El sistema de libertades instaurado en las democracias parlamentarias con la aprobación de la Declaración Universal de Derechos Humanos, se encuentra en su más grave crisis desde la Segunda Guerra Mundial. Los hechos del 11 de septiembre y sus consecuencias posteriores, están conduciendo al conglomerado económico y político que venimos denominando Occidente, a una ofensiva que no sólo se dirige contra organizaciones y Estados sospechosos de terrorismo, sino contra la esencia misma del sistema democrático.
Prácticas de sistemas totalitarios, derrotados en 1945, resucitan en los últimos meses. Mientras en Estados Unidos se practican detenciones sin supervisión judicial y juristas liberales defienden la necesidad de la tortura, en España se investiga a los activistas antiglobalización a través de Internet, al tiempo que insignes catedráticos sostienen sin el menor sonrojo que espiar a los trabajadores es un derecho intrínseco del patrono.
Si entre los planes de los fanáticos que destruyeron las Torres Gemelas se encontraba socavar los cimientos de la civilización occidental, debemos concluir que en cierta manera, y desgraciadamente, los terroristas consiguieron su objetivo. Porque desde 1948, hablar de civilización occidental ha sido hablar de Derechos Humanos. En los años oscuros de la Guerra Fría, la propia palabra Occidente se utilizaba como sinónimo de libertad. Los regímenes democráticos se vanagloriaban de sus Constituciones, garantías de los derechos individuales, mientras el Gran Hermano de la novela 1984 era encarnado por los regímenes totalitarios de inspiración marxista.
La caída del muro de Berlín acabó con la farsa. Dando la razón a aquellos que sostienen que el sistema capitalista no necesita la democracia, a lo largo de los años 90 hemos asistido a la crisis del Estado de bienestar y del sistema de libertades alumbrado tras la Segunda Guerra Mundial.

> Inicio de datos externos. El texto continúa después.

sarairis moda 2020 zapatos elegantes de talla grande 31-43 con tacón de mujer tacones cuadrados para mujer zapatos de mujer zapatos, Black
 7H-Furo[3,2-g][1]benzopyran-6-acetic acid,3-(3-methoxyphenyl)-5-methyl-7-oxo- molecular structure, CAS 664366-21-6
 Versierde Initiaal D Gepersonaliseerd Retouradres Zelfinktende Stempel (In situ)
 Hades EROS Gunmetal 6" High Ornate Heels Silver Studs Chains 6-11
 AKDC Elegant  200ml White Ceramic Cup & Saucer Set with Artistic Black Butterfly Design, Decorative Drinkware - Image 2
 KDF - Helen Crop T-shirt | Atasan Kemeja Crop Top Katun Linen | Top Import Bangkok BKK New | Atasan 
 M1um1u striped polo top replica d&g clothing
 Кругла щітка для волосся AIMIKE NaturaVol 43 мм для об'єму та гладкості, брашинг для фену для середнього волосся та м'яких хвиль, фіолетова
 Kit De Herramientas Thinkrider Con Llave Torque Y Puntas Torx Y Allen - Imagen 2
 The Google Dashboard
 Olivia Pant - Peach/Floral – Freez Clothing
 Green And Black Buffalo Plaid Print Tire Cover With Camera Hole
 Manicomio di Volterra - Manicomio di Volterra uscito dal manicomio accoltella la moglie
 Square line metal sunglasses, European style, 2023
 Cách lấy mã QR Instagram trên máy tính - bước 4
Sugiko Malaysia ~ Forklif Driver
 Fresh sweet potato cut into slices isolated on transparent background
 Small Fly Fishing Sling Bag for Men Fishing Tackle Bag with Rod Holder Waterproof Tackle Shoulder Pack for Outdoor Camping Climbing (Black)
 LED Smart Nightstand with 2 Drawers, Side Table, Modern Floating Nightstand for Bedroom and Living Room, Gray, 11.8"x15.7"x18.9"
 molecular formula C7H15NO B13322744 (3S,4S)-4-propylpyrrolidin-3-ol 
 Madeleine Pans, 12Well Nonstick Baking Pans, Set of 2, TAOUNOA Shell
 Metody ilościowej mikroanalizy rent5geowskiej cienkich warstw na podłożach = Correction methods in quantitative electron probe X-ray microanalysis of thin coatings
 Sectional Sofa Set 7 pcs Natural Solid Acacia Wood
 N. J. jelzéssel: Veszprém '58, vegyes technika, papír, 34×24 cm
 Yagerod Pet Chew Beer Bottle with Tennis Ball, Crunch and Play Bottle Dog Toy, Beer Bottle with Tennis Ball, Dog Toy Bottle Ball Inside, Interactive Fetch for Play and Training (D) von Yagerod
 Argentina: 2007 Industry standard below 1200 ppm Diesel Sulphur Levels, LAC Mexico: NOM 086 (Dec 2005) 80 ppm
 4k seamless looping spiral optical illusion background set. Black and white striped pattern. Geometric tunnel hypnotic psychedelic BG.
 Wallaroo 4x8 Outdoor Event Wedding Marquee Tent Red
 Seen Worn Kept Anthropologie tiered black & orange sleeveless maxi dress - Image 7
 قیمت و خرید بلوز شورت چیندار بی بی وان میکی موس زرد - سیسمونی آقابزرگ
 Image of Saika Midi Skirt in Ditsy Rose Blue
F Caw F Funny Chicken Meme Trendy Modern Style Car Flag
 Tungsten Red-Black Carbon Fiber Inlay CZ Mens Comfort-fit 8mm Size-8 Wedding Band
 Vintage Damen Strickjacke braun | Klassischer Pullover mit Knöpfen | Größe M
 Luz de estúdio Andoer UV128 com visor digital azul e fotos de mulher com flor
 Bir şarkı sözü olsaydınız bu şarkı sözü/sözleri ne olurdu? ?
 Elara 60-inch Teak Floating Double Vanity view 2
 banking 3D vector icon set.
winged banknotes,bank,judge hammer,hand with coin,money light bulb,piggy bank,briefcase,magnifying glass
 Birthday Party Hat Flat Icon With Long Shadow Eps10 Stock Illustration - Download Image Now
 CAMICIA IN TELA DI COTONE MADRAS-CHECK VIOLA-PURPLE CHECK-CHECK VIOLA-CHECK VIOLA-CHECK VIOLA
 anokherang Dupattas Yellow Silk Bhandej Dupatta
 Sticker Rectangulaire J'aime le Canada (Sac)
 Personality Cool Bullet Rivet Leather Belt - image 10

Los hechos del 11 de septiembre han sido la excusa perfecta para desarrollar hasta el límite sistemas de control social, en manos de países teóricamente democráticos, que hubiesen sonrojado a los dictadores de entreguerras.
El Parlamento Europeo ha reconocido la existencia de la red de espionaje Echelon, un sistema de intervención de comunicaciones al servicio de los intereses económicos y políticos de los países del ámbito anglosajón. Las medidas legislativas impulsadas por la administración Bush no hacen sino enmascarar una práctica que ya era habitual antes del 11 de septiembre, y frente a la que el propio Parlamento Europeo recomendaba la utilización sistemática de sistemas de cifrado y programas de código abierto.
Internet fue desde los primeros días blanco de las críticas de los enemigos de las libertades. La libertad de expresión y el relativo anonimato que permitía la Red de redes ha preocupado siempre a los titulares del poder: del poder político, del poder económico y del poder mediático. Un poder mediático, por cierto, que ha visto siempre en la información gratuita que ofrece Internet un obstáculo al control social que se ejerce desde los medios de comunicación lucrativos. Qué mejor ocasión que la caza y captura del proscrito Bin Laden para lanzar la gran ofensiva contra los ciberderechos.
En la guerra contra las libertades, el primer objetivo es Internet, porque garantiza a todos los ciudadanos, a un coste reducido, el libre ejercicio de los derechos a la libertad de expresión, a la intimidad, y a la asociación y reunión pacíficas. El siguiente objetivo somos todos nosotros: los ciudadanos a los que inmensas bases de datos pueden convertir en simples consumidores sin derechos.
En un mundo digitalizado y globalizado, el derecho a la intimidad debe ponerse al mismo nivel que la libertad y la vida, y ello porque la intimidad es el último reducto del ser humano frente al sistema. Cuando por vía legislativa o económica, se condiciona el derecho a la libertad de prensa y el derecho de reunión y asociación, sólo queda Internet para conspirar frente al poder. Pero en una Internet sin intimidad no hay conspiración posible. Si queremos evitar el futuro Mundo Feliz que están construyendo los medios de comunicación al servicio de las grandes corporaciones multinacionales, la última posibilidad de resistencia reside en la defensa a ultranza del derecho a la intimidad y a la inviolabilidad de las comunicaciones. En la batalla final que se avecina contra los Derechos Humanos, serán nuestras últimas barricadas.